- _Required work_: Using the data that follows, give again word for word the lines between the one holding "Gofre Kumaş Tek Omuzlu Pembe Takım - 4" and the one holding "Personalized Name Semi", inclusive. Omit the pictures.

- _Data to examine_:
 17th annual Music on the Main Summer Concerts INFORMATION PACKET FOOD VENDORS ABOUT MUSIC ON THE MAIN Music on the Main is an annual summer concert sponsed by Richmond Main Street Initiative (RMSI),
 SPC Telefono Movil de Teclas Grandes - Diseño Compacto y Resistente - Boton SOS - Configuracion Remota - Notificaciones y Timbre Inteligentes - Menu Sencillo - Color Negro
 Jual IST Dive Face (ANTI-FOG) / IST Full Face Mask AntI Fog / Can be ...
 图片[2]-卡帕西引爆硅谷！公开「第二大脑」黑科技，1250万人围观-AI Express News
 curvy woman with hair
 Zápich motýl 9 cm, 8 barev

* * *

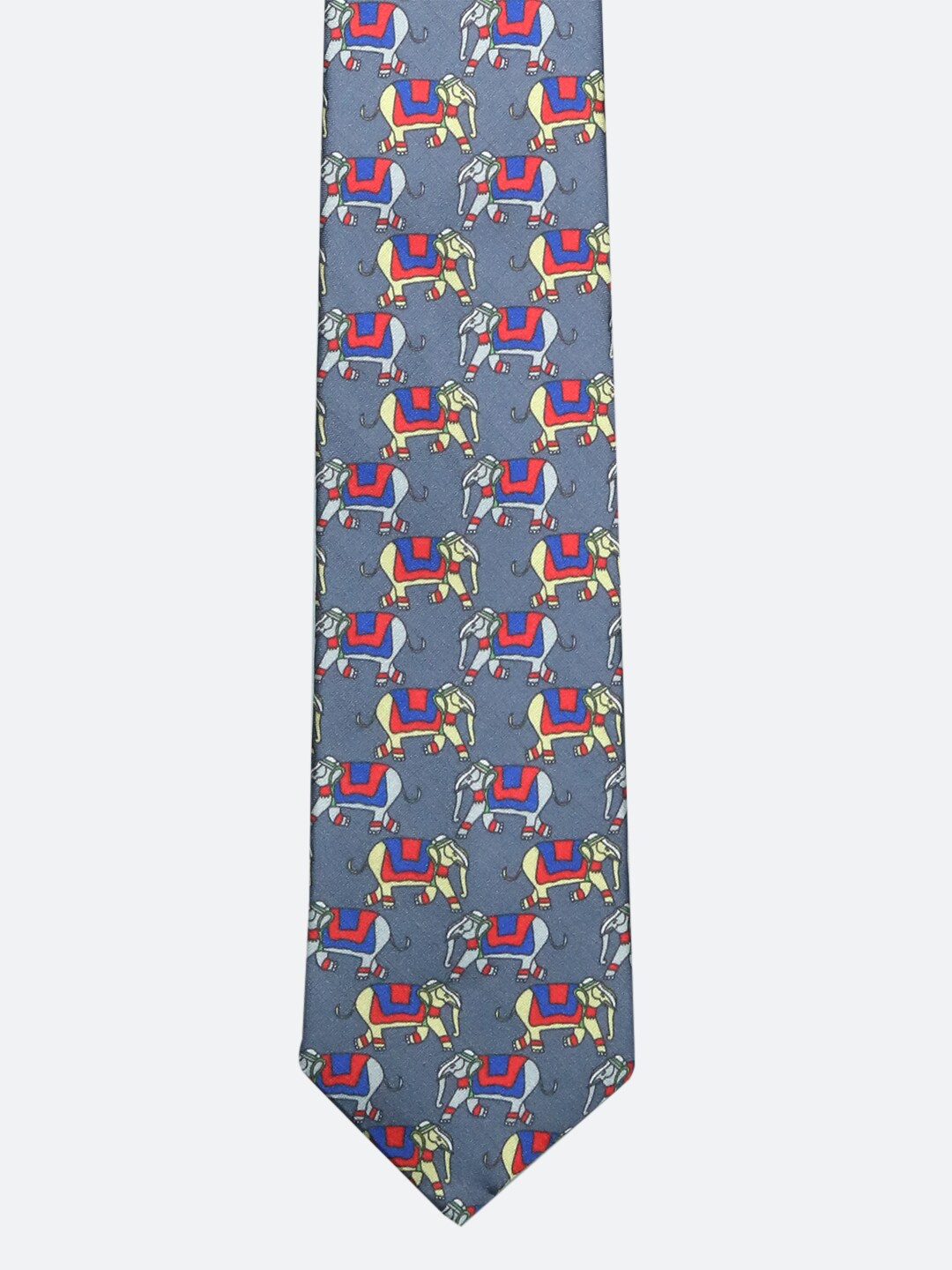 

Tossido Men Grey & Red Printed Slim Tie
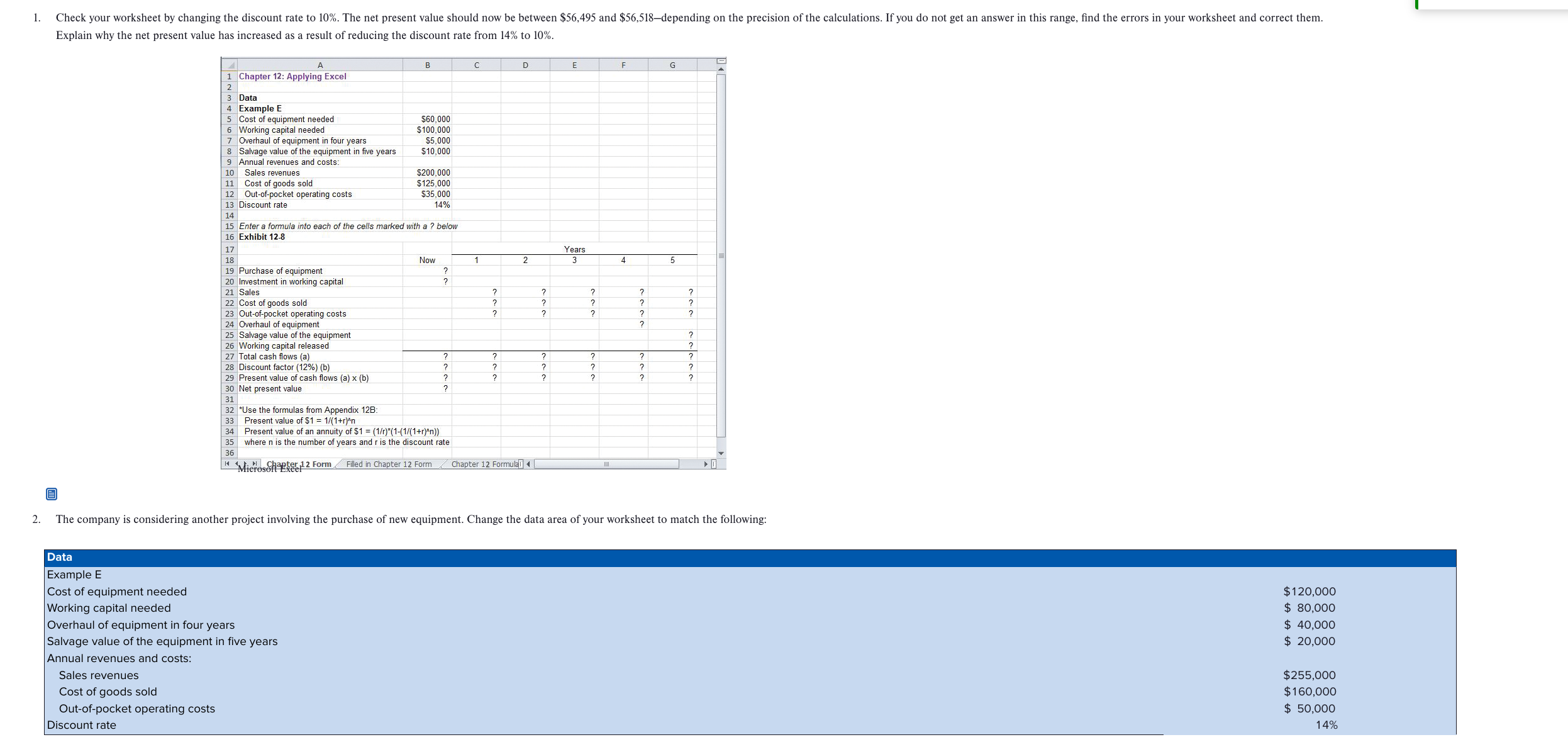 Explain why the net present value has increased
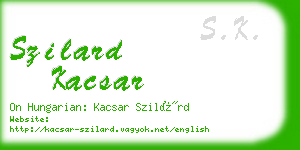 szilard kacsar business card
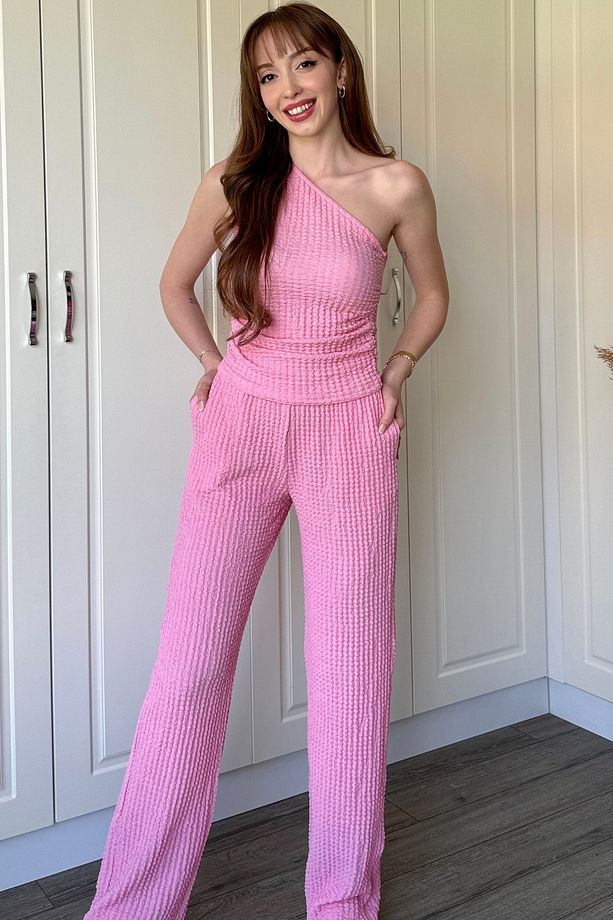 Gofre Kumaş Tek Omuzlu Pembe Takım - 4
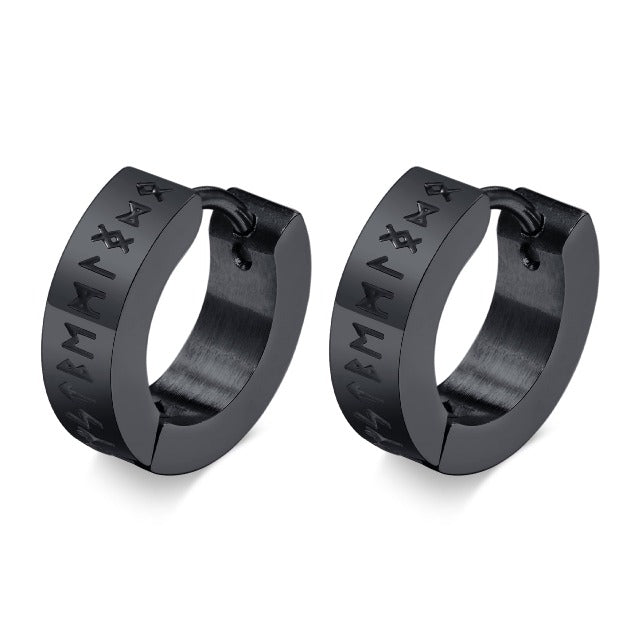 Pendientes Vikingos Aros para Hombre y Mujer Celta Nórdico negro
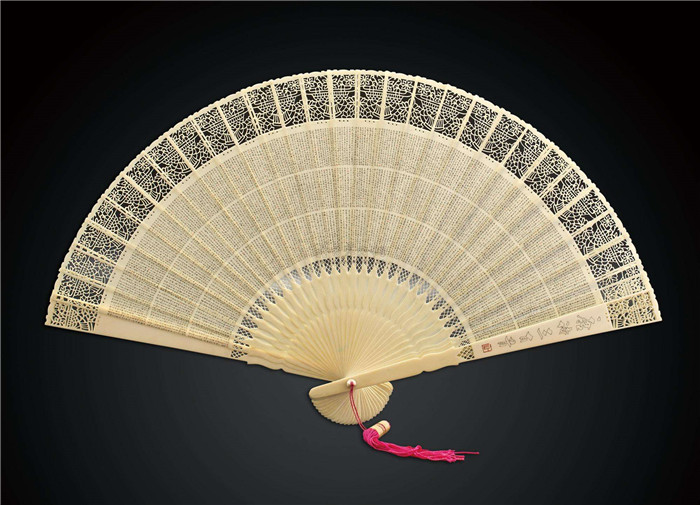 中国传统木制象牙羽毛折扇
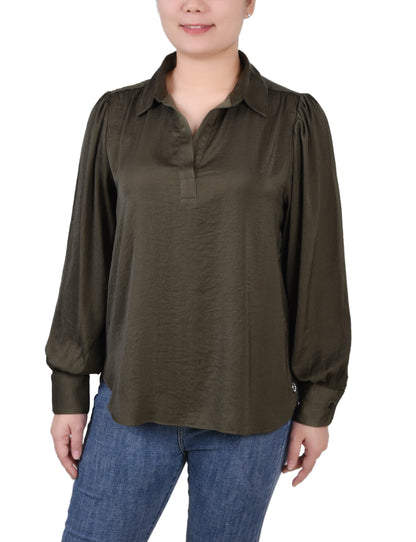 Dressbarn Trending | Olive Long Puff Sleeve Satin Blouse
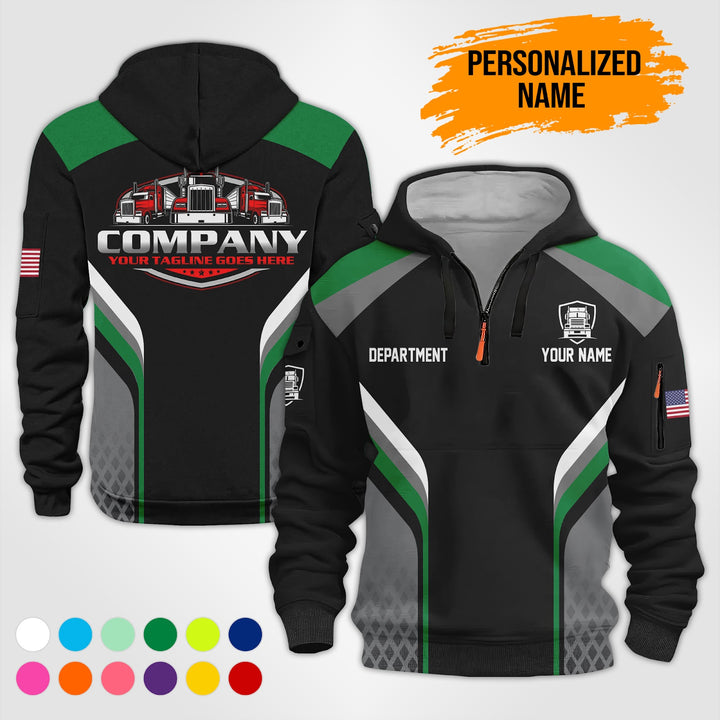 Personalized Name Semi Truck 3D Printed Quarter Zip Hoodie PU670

...

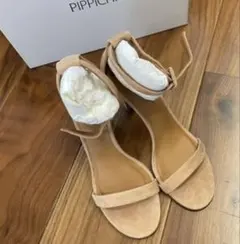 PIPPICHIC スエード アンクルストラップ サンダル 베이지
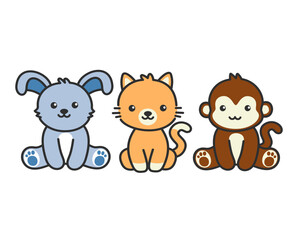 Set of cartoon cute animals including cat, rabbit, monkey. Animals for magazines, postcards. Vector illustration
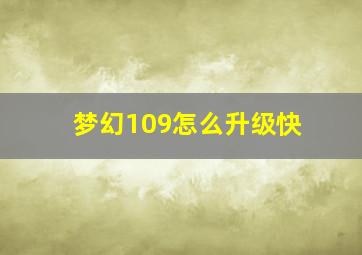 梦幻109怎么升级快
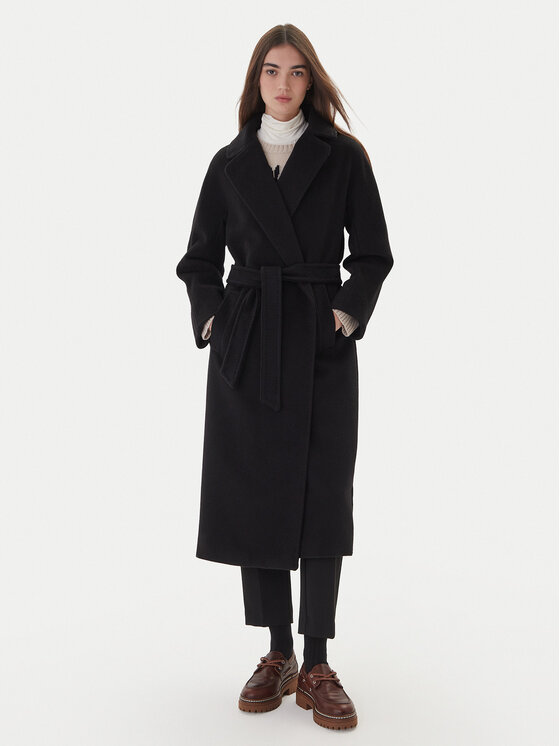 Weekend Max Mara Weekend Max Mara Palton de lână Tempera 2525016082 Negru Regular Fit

- _Response_:
 Gofre Kumaş Tek Omuzlu Pembe Takım - 4
 Pendientes Vikingos Aros para Hombre y Mujer Celta Nórdico negro
 中国传统木制象牙羽毛折扇
 Dressbarn Trending | Olive Long Puff Sleeve Satin Blouse
 Personalized Name Semi Truck 3D Printed Quarter Zip Hoodie PU670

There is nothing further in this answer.